Cinema Nation | Features | Creative Loafing Charlotte

Film » Features

Cinema Nation

Movies explore America in all its complexity

by

comment

Page 2 of 3

Race Relations Michael Mann's screen version of The Last of the Mohicans (1992) is a movie of many great moments, yet one of my favorite scenes is its most subtle. As British officers try to strong-arm the American settlers into joining their fight against the French, a few of the colonials grow tired of the gabbing and join their Native American friends in a spirited ball game not unlike soccer. It's a touching scene, quietly suggesting a future co-existence that tragically never occurred.

"It is like writing history with lightning" is how President Woodrow Wilson described D.W. Griffith's landmark motion picture The Birth of a Nation (1915). What he failed to mention was that it was also written with the poison pen of racial intolerance. In this film, the members of the Ku Klux Klan are portrayed as heroes, coming forth to defend the post-Civil War South from rampaging blacks (mostly played by white actors in dark blackface).
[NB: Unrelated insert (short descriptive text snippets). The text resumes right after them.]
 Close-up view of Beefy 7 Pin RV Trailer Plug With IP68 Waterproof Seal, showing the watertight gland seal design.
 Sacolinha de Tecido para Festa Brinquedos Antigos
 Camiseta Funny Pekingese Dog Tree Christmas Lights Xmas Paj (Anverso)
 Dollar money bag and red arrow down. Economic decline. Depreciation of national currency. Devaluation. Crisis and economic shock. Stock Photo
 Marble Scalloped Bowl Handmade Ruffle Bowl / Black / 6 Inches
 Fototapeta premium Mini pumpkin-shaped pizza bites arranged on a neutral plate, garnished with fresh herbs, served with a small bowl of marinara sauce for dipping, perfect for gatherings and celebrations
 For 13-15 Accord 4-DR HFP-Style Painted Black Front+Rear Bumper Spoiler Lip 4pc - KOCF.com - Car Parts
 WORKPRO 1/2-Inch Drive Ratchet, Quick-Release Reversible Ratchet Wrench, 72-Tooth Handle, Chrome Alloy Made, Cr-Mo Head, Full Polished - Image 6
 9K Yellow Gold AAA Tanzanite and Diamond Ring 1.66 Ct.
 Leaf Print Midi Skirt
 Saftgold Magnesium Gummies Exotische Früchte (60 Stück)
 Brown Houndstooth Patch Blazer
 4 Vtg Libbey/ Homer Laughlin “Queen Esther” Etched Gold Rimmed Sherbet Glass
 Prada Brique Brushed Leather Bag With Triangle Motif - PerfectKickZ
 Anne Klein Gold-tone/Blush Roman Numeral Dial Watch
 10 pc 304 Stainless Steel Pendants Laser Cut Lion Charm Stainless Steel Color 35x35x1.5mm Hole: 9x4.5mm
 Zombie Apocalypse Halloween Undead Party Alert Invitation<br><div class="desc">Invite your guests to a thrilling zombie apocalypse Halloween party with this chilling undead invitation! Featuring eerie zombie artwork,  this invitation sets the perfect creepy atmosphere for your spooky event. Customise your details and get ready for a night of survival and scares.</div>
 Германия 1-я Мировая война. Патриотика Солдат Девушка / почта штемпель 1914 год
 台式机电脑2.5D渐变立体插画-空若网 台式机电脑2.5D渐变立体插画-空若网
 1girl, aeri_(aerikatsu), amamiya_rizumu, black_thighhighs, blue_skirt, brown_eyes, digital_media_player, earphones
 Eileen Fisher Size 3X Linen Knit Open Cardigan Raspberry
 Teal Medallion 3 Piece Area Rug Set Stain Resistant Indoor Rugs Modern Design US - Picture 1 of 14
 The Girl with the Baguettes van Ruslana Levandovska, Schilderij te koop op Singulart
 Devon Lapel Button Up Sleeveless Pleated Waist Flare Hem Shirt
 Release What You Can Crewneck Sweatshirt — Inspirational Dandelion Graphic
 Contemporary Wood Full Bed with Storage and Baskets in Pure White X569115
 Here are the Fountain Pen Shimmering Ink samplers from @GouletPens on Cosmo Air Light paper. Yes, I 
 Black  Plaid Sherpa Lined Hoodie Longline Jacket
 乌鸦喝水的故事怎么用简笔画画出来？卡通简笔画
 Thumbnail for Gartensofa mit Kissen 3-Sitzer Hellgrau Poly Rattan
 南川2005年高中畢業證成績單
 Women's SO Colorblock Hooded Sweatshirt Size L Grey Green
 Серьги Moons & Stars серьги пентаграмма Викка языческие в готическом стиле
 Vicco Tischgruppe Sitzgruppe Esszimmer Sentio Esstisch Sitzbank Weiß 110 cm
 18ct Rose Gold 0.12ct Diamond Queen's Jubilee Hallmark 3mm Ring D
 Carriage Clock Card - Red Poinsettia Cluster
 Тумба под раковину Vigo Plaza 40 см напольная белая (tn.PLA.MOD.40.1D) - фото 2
Manipulated by Northern whites (but of course), the blacks pass their time molesting white women and raising hell in the halls of justice, where, in one astonishing scene, they're shown lounging in the congressional seats, picking their toes and tossing gnawed chicken bones at each other! Ninety years later, the movie continues to incite arguments, with many praising the film for its revolutionary technical innovations while others condemn it for its offensive content.

Rural America It used to be that nothing represented the heart and soul of this country more than the common country folk who lived on their humble farms far away from the clamor and commotion of the big city. This vision of idyllic Americana can be seen in one of the most beloved movies of all time, 1939's The Wizard of Oz. Farm girl Dorothy (Judy Garland) endures all sorts of fantastic experiences, yet her mantra turns out to be, "There's no place like home."

For the better part of the past three decades, however, rural America has become a place in which evil springs up like wildflower. Occasional comedies like Doc Hollywood (1991) and Sweet Home Alabama (2002) still depict small-town America as a friendly place full of quirky yet harmless simpletons, yet the common vision is better exemplified by The Texas Chainsaw Massacre (1974), a blood-curdling horror yarn in which in-bred, cannibalistic country folk discover that city folk can be finger-lickin' good. Cut off from modern civilization, these backwater burgs, most so remote that indoor plumbing remains an innovative concept (let alone such new-fangled contraptions as telephones and TV), can be seen in all manner of terror tales, from such 70s cult items as The Hills Have Eyes (1977) to more recent fare like House of 1000 Corpses (2003) and the House of Wax remake (2005).

War How can we Americans best celebrate our freedoms? Well, watching American actors pretending to stick it to the Nazis is always a good starting point. Nothing brings out the patriot as efficiently as an exciting World War II yarn. Who doesn't thrill seeing Steve McQueen attempt to jump that barbed wire fence in The Great Escape (1963), watching Clint Eastwood silently eliminate German sentries in Where Eagles Dare (1968), or even checking out a gang of murderers and thieves blow away the enemy in The Dirty Dozen (1967)? Heck, it's a rush watching even The Three Stooges take on the Nazis in shorts like You Nazty Spy (1940) and Back from the Front (1943).

Only in the movies can it be declared that "War Is Swell"; in reality, nothing could be farther from the truth. Anti-war sentiments have long existed in Hollywood, but it wasn't until the string of Vietnam War flicks in the 70s and 80s that Americans primarily began to use the medium to focus on the insanity and senselessness of conflict. Stanley Kubrick's brilliant Full Metal Jacket (1987) is especially potent, in that it demonstrates how the dehumanization of young American boys starts while the lads are still on US soil, being trained stateside in the fine art of death and destruction.

Politics Younger readers may find this difficult to believe, but there once was a time when the mainstream press was a proud institution, full of people who took their jobs as moral watchdogs seriously and who did their best to insure the bad guys wouldn't get away with their assorted crimes. All the President's Men (1976) depicts the American media during arguably its finest hour, when two of its brash reporters, Washington Post journalists Bob Woodward (Robert Redford) and Carl Bernstein (Dustin Hoffman), stuck to their guns despite testy opposition and eventually blew open the Watergate scandal that toppled a presidency. This expertly mounted film has long been acknowledged as a classic political thriller, but watching it in today's climate, when a timid and ineffectual media is only too willing to serve as the complacent whipping boy for an insidious administration, reveals its newfound value as a time capsule piece as well.